**Image-text web data**

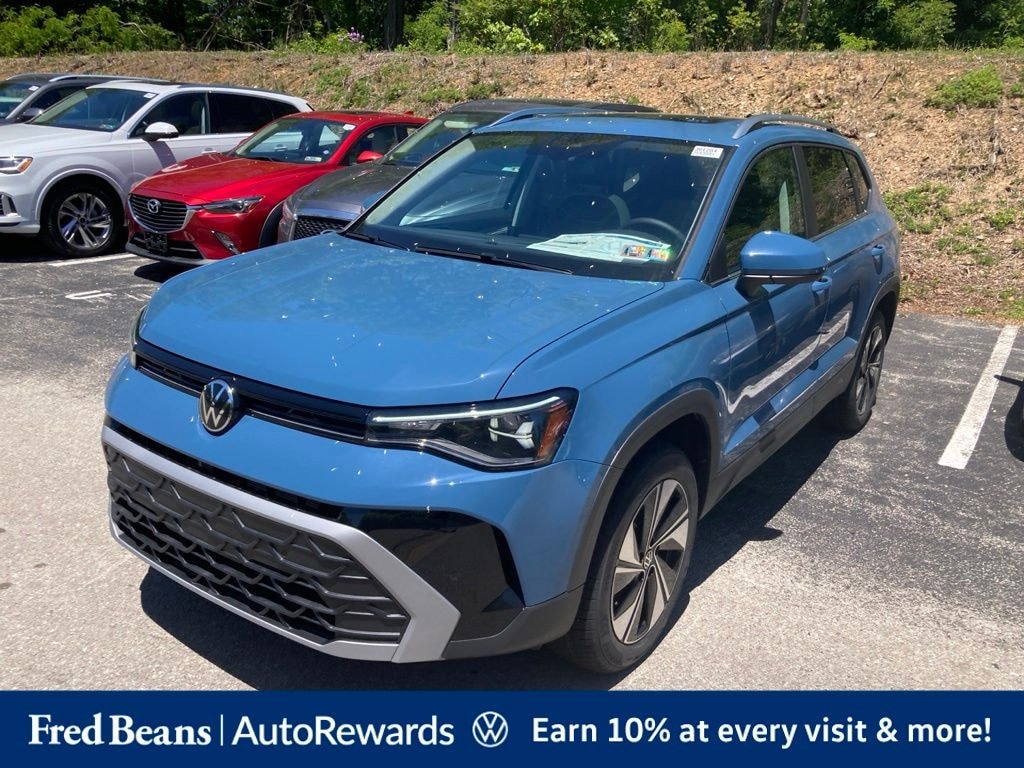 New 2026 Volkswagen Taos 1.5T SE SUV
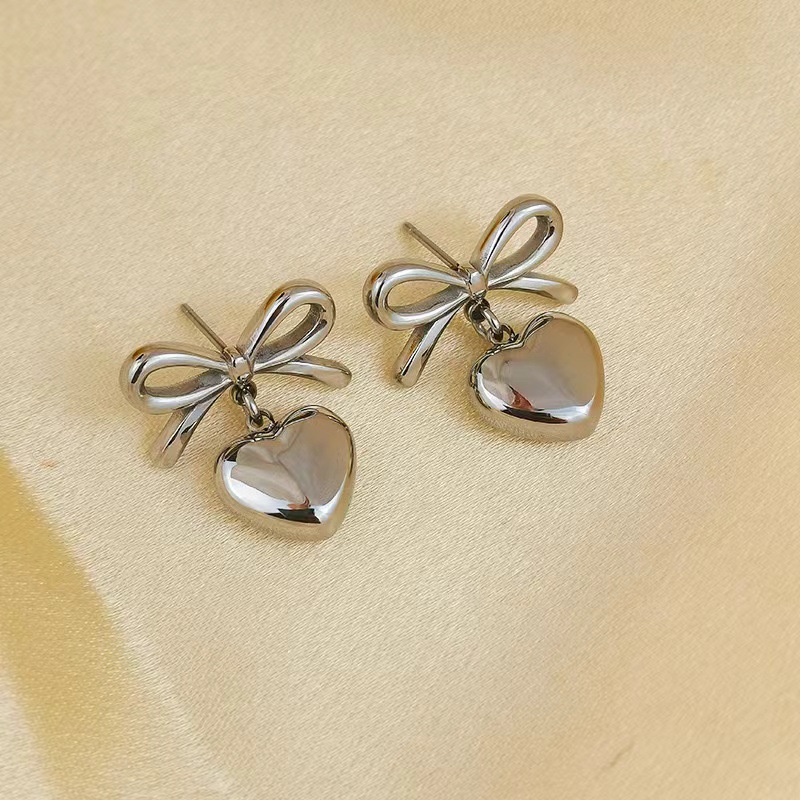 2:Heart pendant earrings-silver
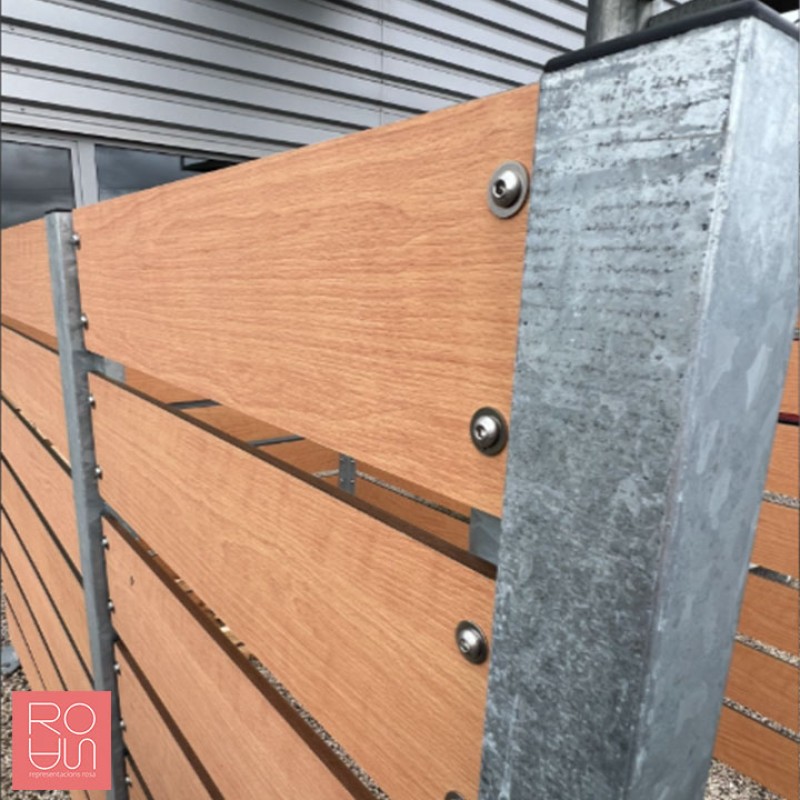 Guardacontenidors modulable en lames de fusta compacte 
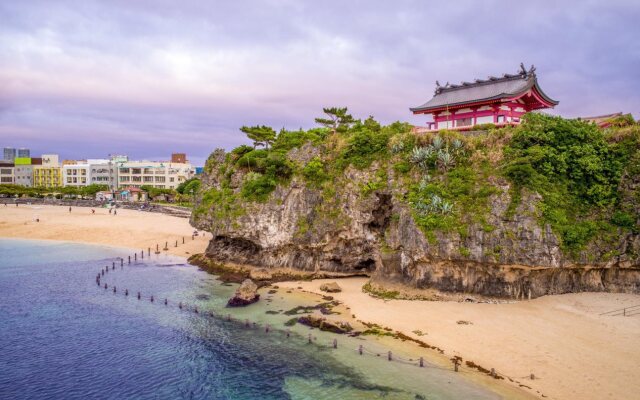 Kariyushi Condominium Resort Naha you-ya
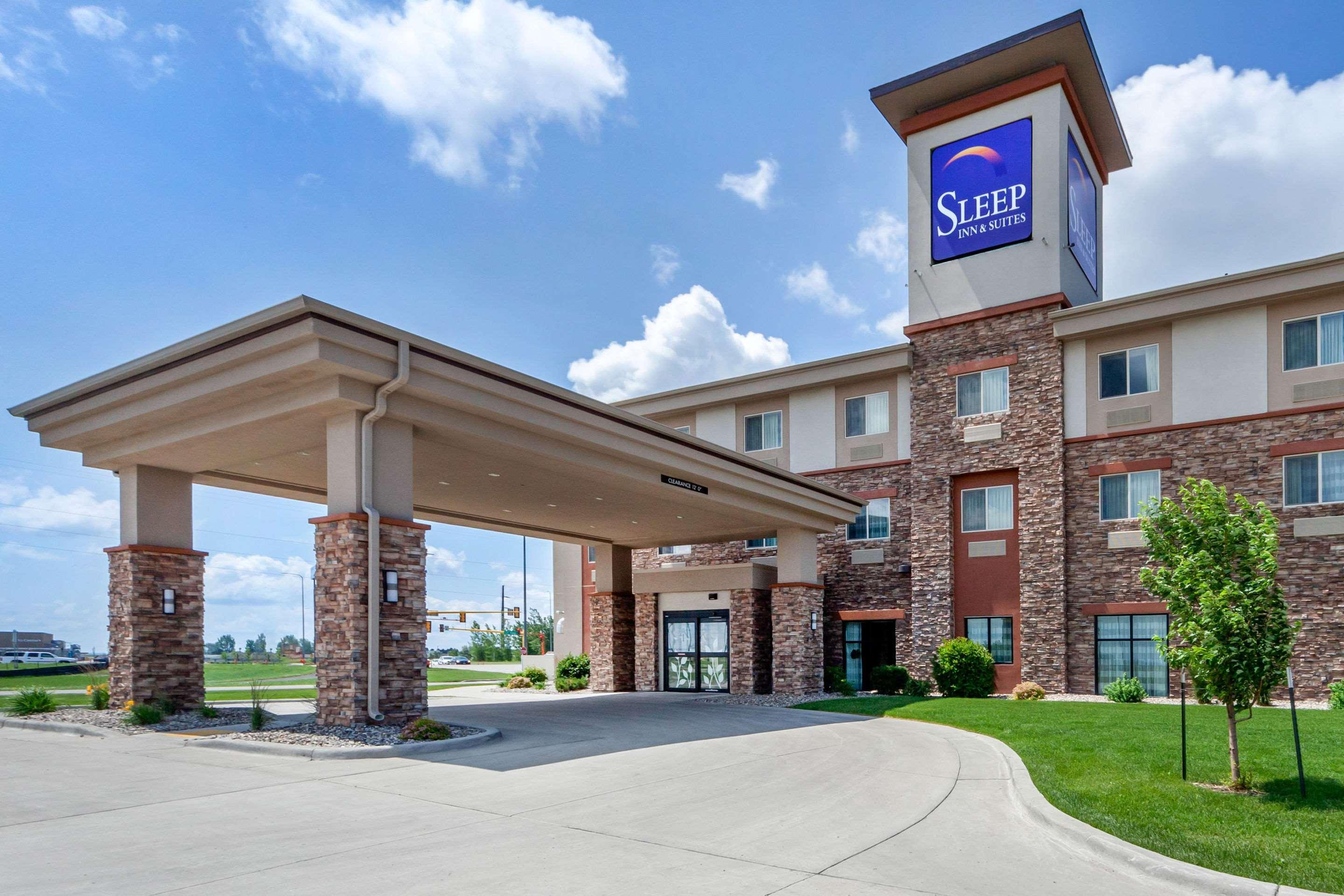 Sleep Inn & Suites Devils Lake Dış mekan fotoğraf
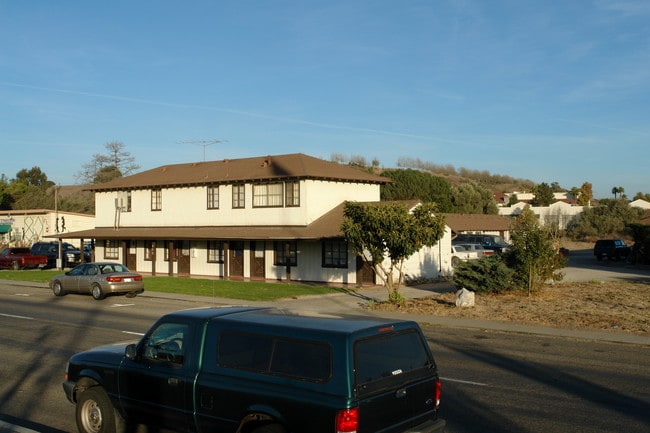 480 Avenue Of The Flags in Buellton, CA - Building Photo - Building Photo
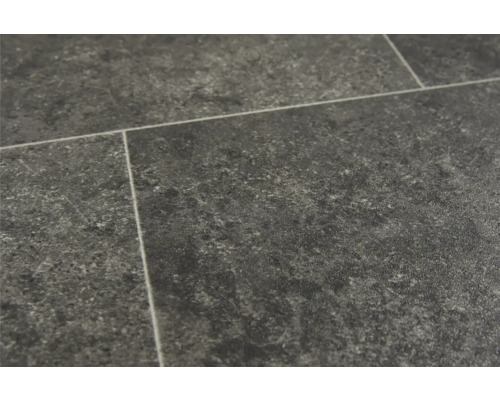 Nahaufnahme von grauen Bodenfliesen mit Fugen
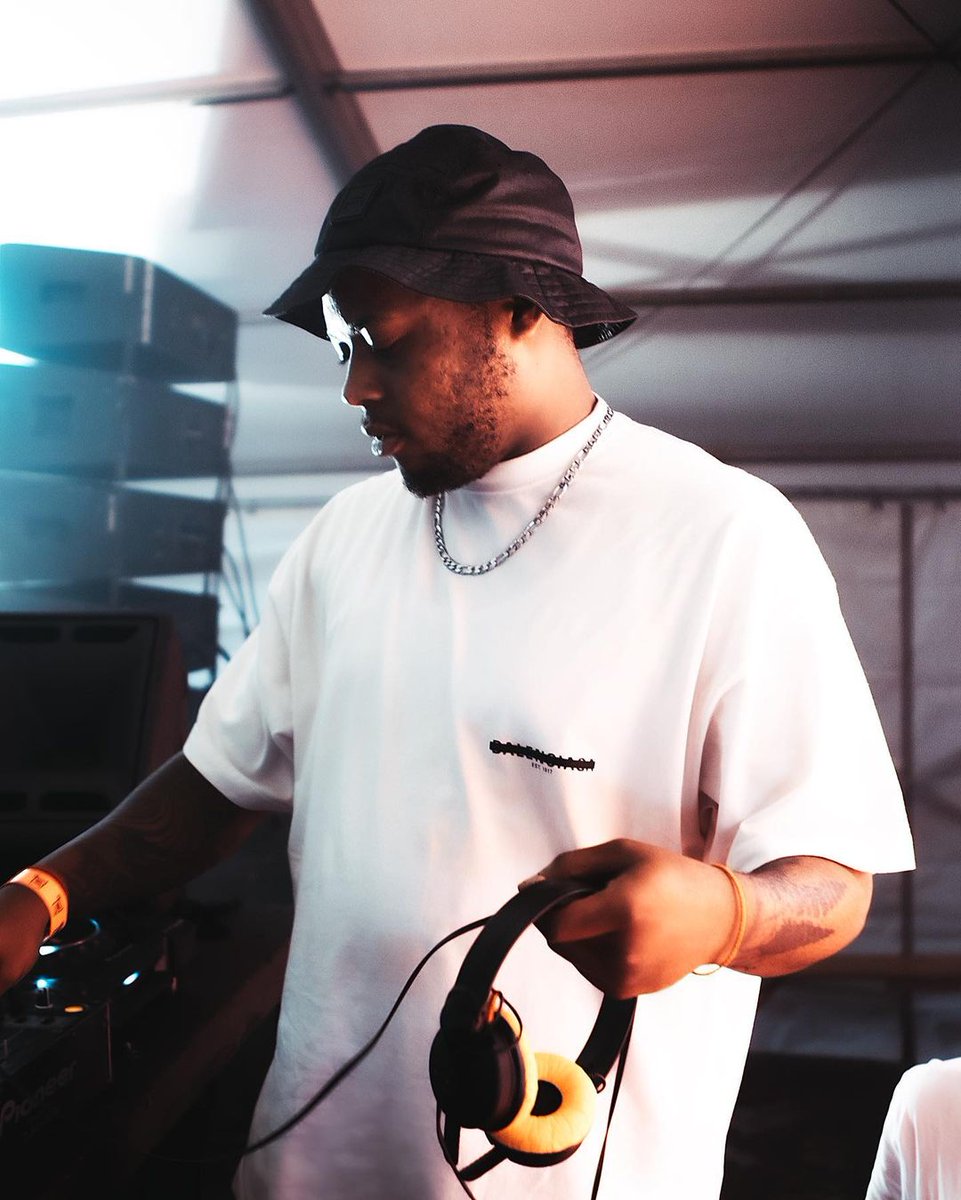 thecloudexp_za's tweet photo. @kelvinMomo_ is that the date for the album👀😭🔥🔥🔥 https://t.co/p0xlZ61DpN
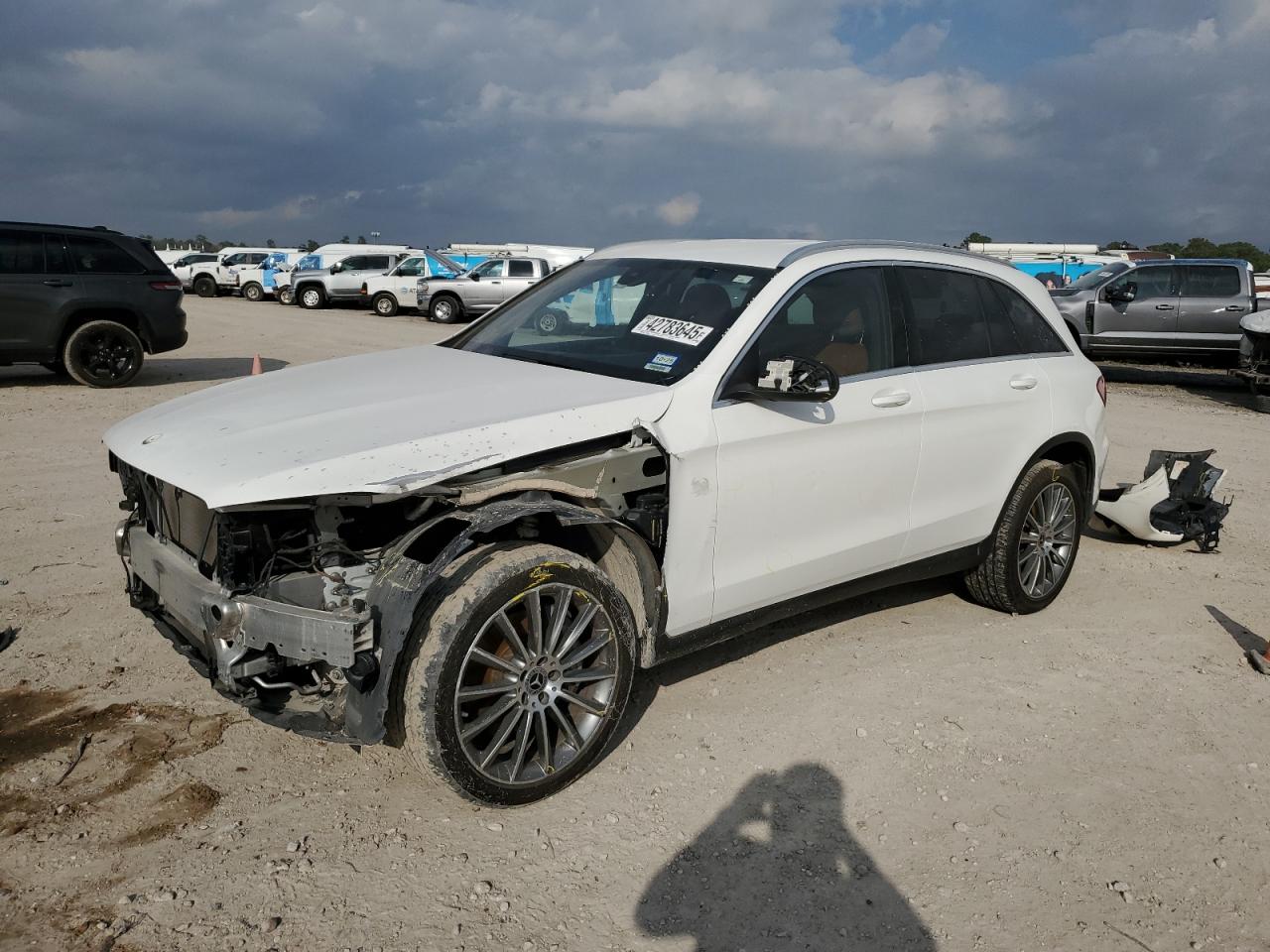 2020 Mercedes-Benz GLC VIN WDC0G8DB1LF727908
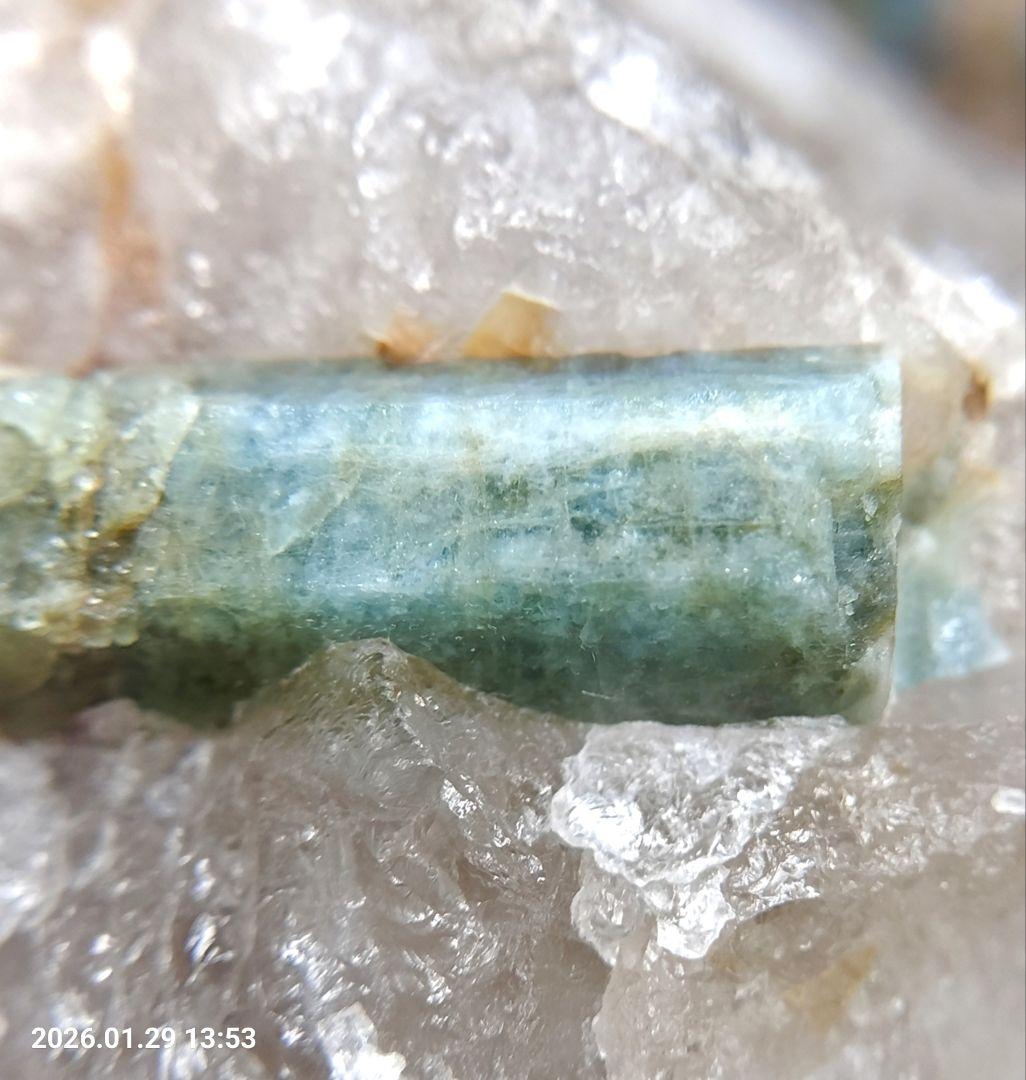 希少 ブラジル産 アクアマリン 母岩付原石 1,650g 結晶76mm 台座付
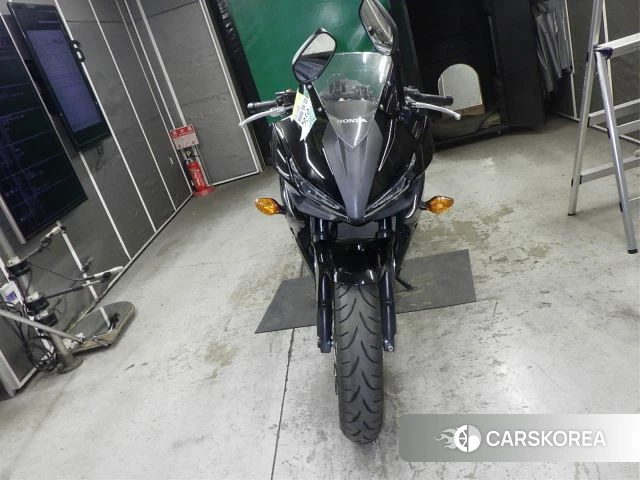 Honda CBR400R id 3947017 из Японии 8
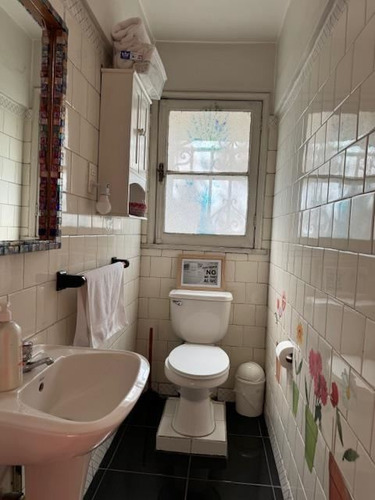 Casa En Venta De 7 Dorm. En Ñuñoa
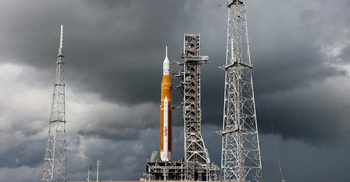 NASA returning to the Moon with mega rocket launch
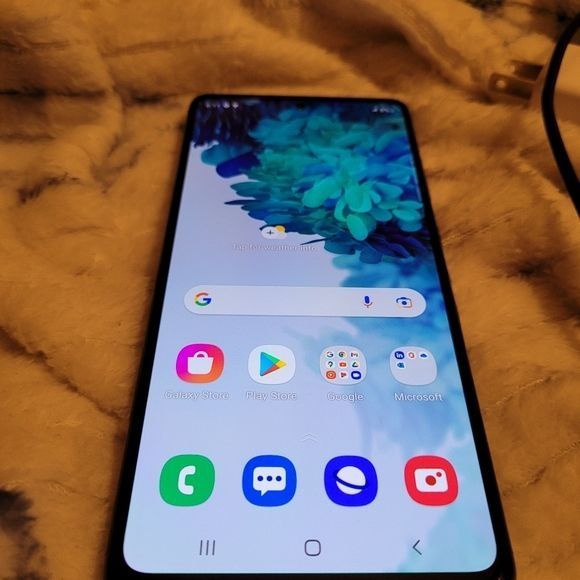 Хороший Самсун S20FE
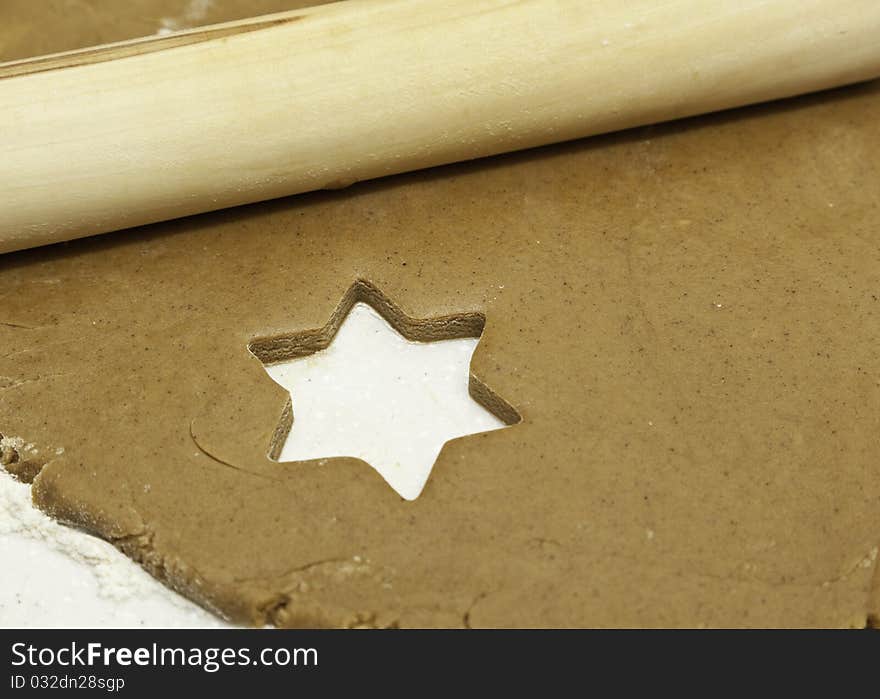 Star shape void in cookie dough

**Task directions**
Print, with pictures removed, exactly the lines of the records above from the top through the line containing "Honda CBR400R id 3947017 из Японии 8".

**Response to the exercise**
 New 2026 Volkswagen Taos 1.5T SE SUV
 2:Heart pendant earrings-silver
 Guardacontenidors modulable en lames de fusta compacte 
 Kariyushi Condominium Resort Naha you-ya
 Sleep Inn & Suites Devils Lake Dış mekan fotoğraf
 480 Avenue Of The Flags in Buellton, CA - Building Photo - Building Photo
 Nahaufnahme von grauen Bodenfliesen mit Fugen
 thecloudexp_za's tweet photo. @kelvinMomo_ is that the date for the album👀😭🔥🔥🔥 https://t.co/p0xlZ61DpN
 2020 Mercedes-Benz GLC VIN WDC0G8DB1LF727908
 希少 ブラジル産 アクアマリン 母岩付原石 1,650g 結晶76mm 台座付
 Honda CBR400R id 3947017 из Японии 8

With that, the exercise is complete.